US Defense Secretary Lloyd Austin, Chairman of US Joint Chief of Staff General Mark Milley and Gen Frank McKenzie, Commander of US Central Command told members of the Senate Armed Services Committee that the Pentagon had recommended Biden about the need to keep 2,500 American troops in Afghanistan post withdrawal.
“I won’t share my personal recommendation to the president, but I will give you my honest opinion, and my honest opinion and view shaped my recommendation. I recommended that we maintain 2,500 troops in Afghanistan. And I also recommended earlier in the fall of 2020 that we maintain 4,500 at that time. Those are my personal views,” McKenzie told the senators.
Milley told the lawmakers that he also agreed with the recommendations that the US maintain 2,500 troops in Afghanistan.
“Their input was received by the president and considered by the president, for sure….In terms of what they specifically recommended, as they just said, they are not going to provide what they recommended in confidence,” Austin told the lawmakers as the furious senators grilled the top Pentagon leadership on the nature of withdrawal of US troops from Afghanistan.
“I always keep my advice to the president confidential, but I am very much satisfied that we had a thorough policy review and I believe that all of the parties had an opportunity to provide input and that input was received,” he said.
The White House defended the presidential decision in this regard.
“There was a range of viewpoints, as was evidenced by their testimony today, that were presented to the president and his national security team as would be expected.
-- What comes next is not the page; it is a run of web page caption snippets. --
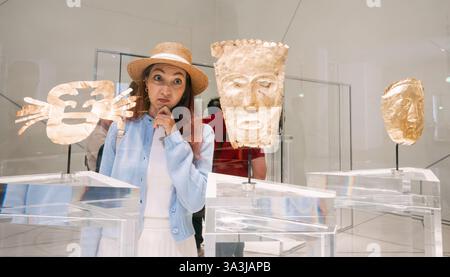 17. Januar 2025, Louvre Abu Dhabi, Vereinigte Arabische Emirate: Tourist Holding Kinn, nachdenklich Blick auf präkolumbianische Goldgegenstände, die in einem Museum ausgestellt wurden Stockfoto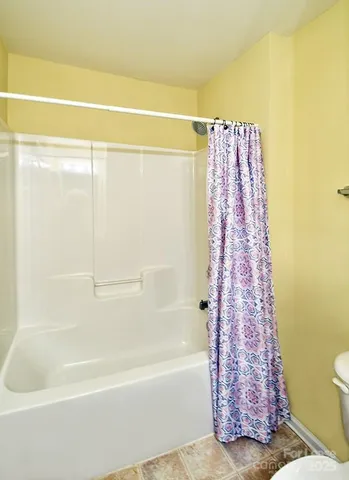 a bathroom with a shower curtain and a bath tub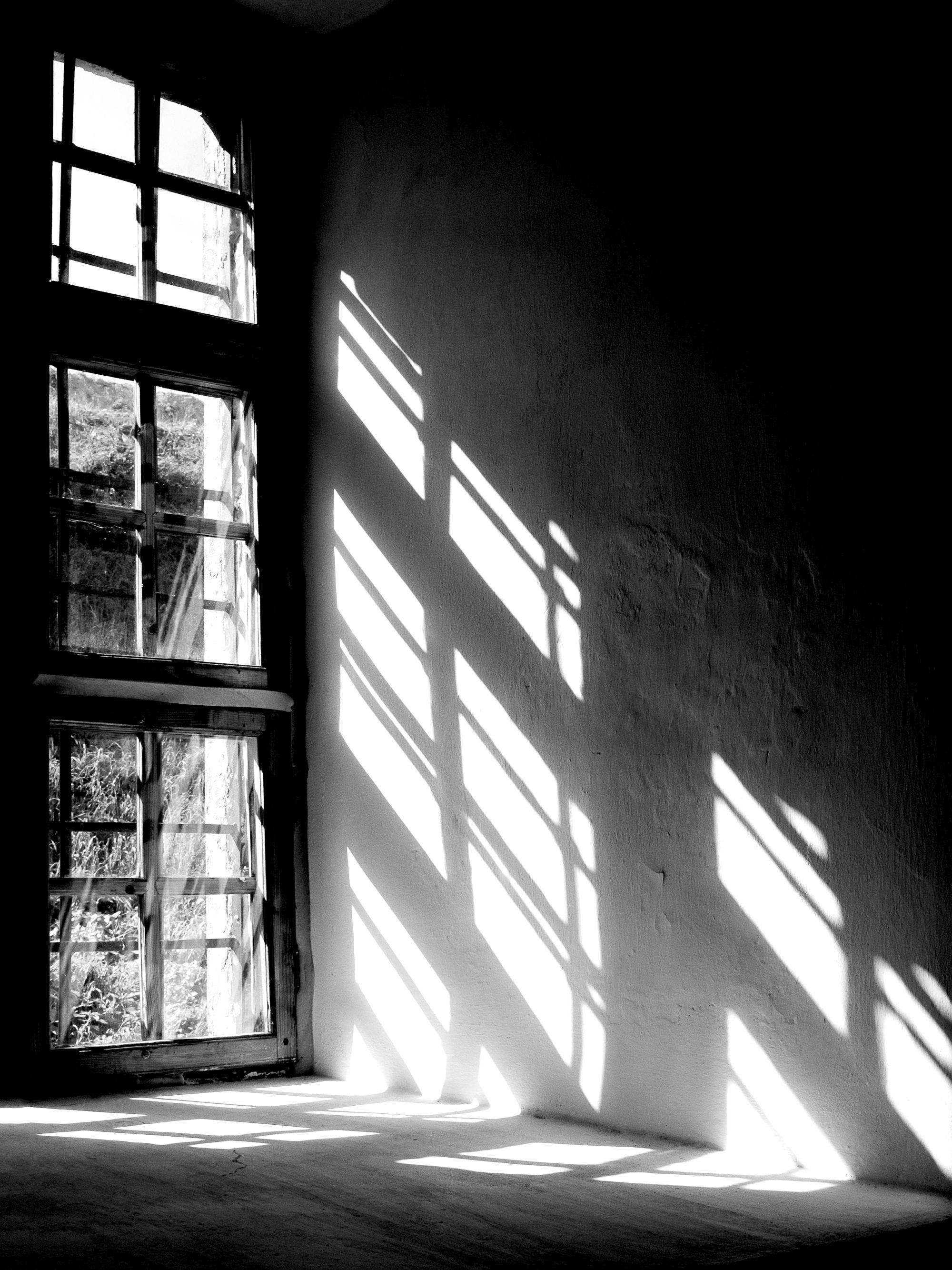 Schwarz-weiß Poster eines alten Fensters, das Sonnenlichtstreifen auf eine grobe Wand wirft und Schattenmuster erzeugt.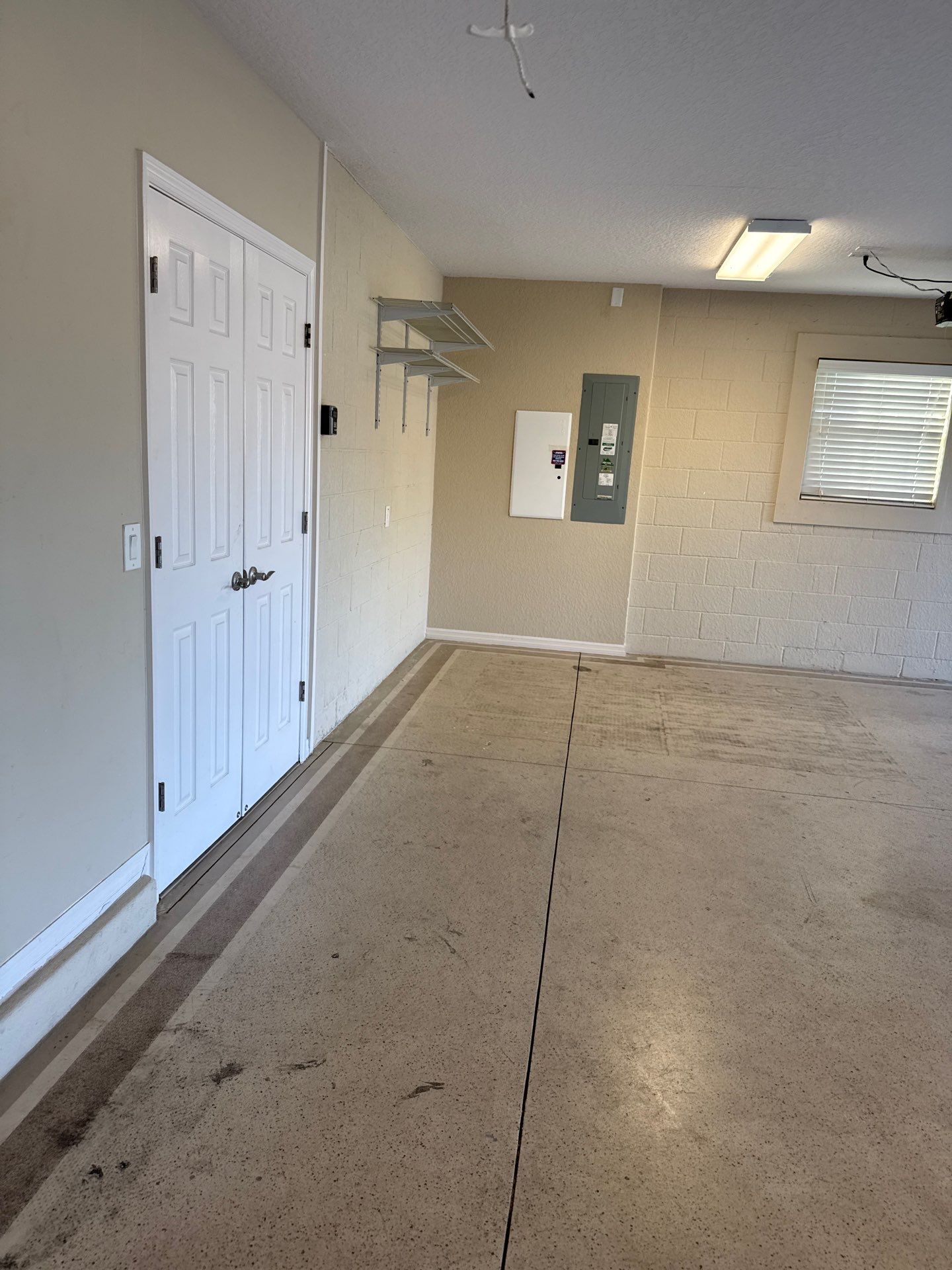 Garage in Domino by Innovative Concrete Coatings 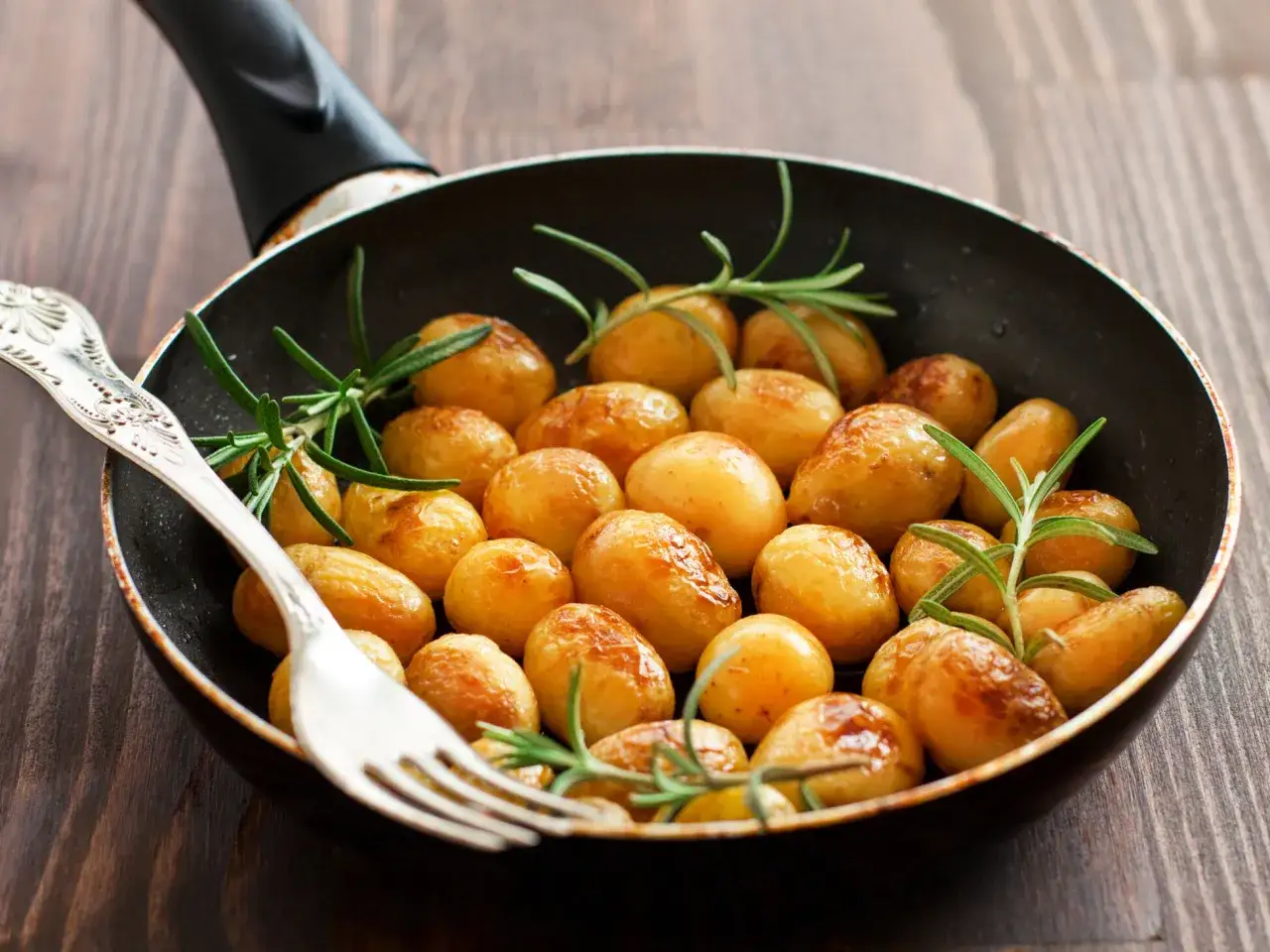 Kleine, goldbraune Kartoffeln mit Rosmarin in einer Pfanne. Die Drillinge sind perfekt gegart und bereit zum Servieren.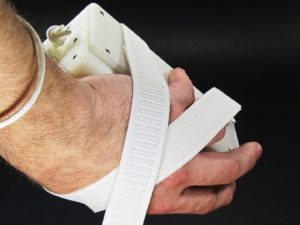 Palm Writer Being Gripped In Bottom Perspective View Showing Wrist Strap Around Users Wrist, Wrist Rest, and Crossed and Attached Suspension Strap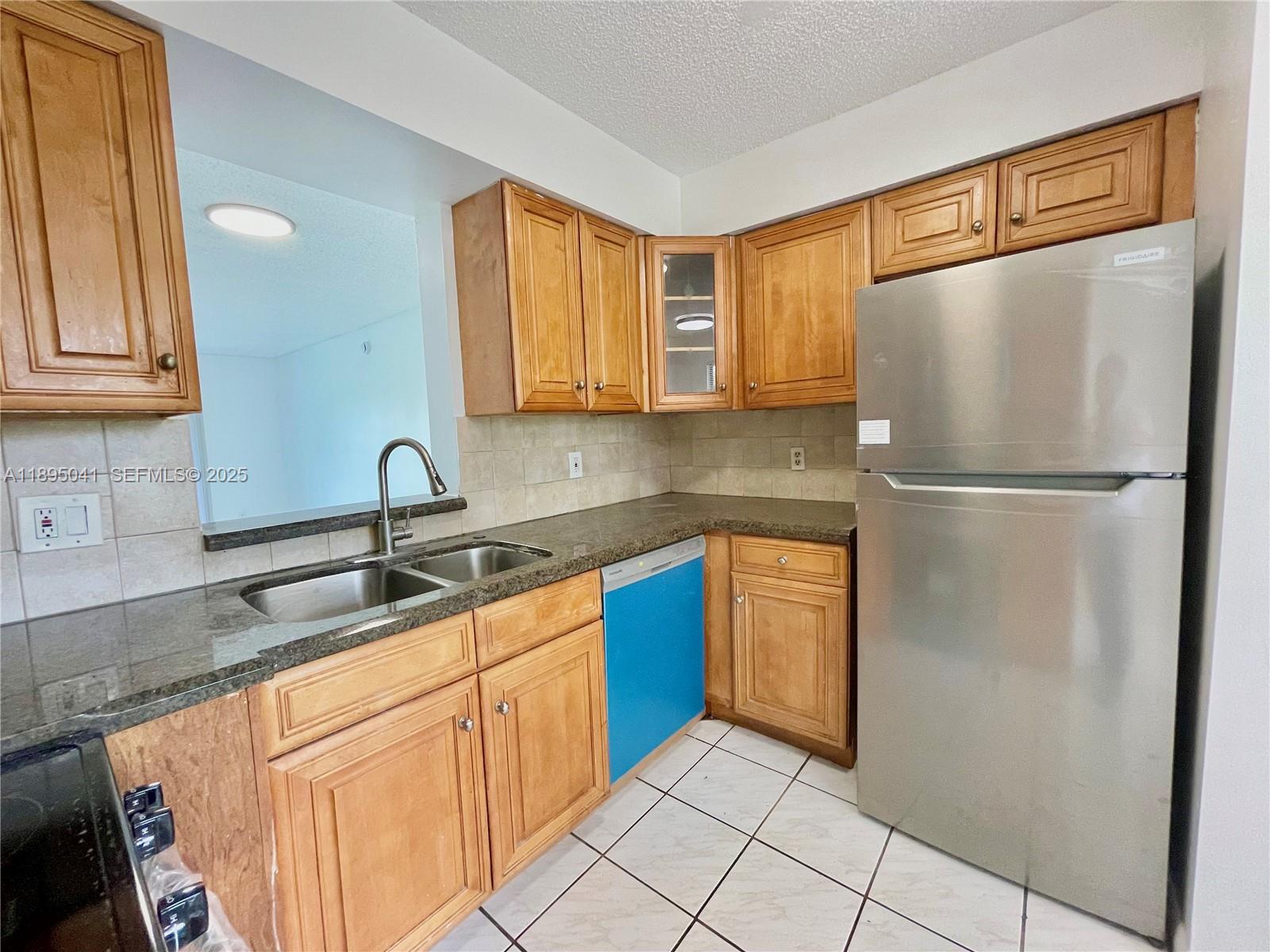 2209 South Cypress Bend Drive, Unit 407 Pompano Beach, FL 33069 - Photo 6 of 53 a kitchen with stainless steel appliances granite countertop a refrigerator and a sink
The president asked for a clear-eyed – did not ask them not to sugarcoat it, what their recommendations were,” White House Press Secretary Jen Psaki told reporters at her daily news conference.
“It was also clear that would not be a long-standing recommendation, that there would need to be an escalation, an increase in troop numbers. It would also mean war with the Taliban. And it would also mean the potential loss of casualties. The president was just not willing to make that decision,” she said.
“He did not think it was in the interest of the American people or the interest of our troops,” the press secretary asserted.
Responding to another question, Psaki said there were recommendations made by a range of Biden's advisers, something he welcomed, something he asked them to come to him clear-eyed about, to give him candid advice.
“Ultimately, it is up to the commander in chief to make a decision. He made a decision that it was time to end a 20-year war,” Psaki said.
The official further explained that it is a risk assessment for every president about what is in the interest of the United States of America, its military and national interests.
“And if we had kept 2,500 troops there, we would have increased the number of troops, we would have been at war with the Taliban, and we would have had more US casualties,” she said.
“That was a reality everybody was clear-eyed about. There are some, as is evidenced by people testifying today, who felt we should have still done that. That is not the decision the president made,” Psaki added.